Set the listing down unchanged, minus every embedded image.

• _SUPPLIED INFORMATION_
|---|

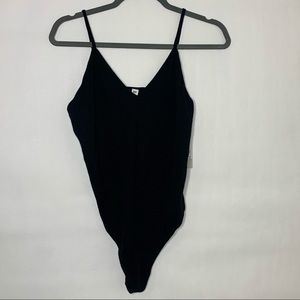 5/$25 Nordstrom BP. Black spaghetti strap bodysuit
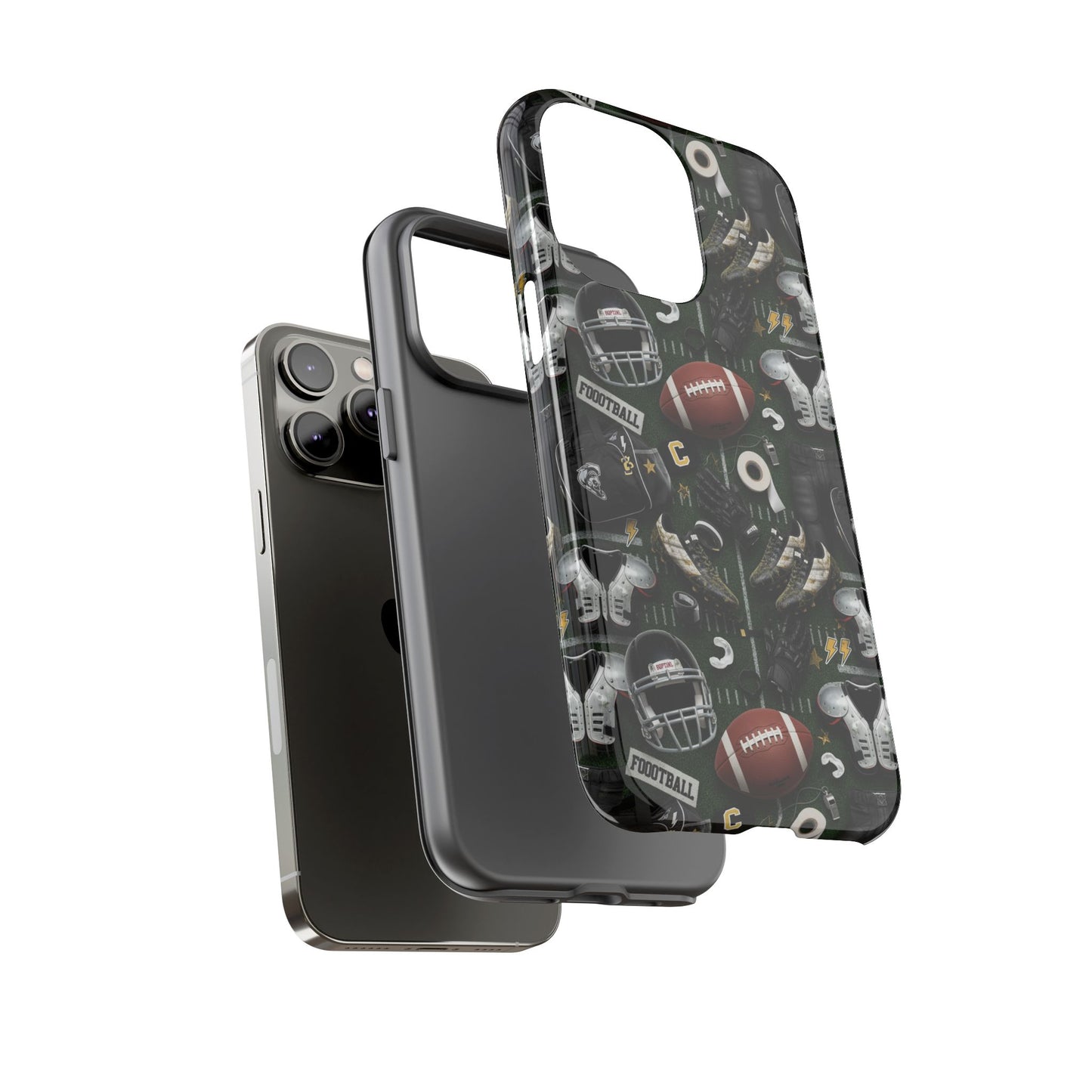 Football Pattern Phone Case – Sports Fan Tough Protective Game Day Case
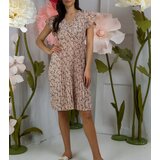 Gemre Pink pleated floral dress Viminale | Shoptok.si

|---|

• _OUTPUT FOR THIS TASK_
 5/$25 Nordstrom BP. Black spaghetti strap bodysuit
 Football Pattern Phone Case – Sports Fan Tough Protective Game Day Case
 Gemre Pink pleated floral dress Viminale | Shoptok.si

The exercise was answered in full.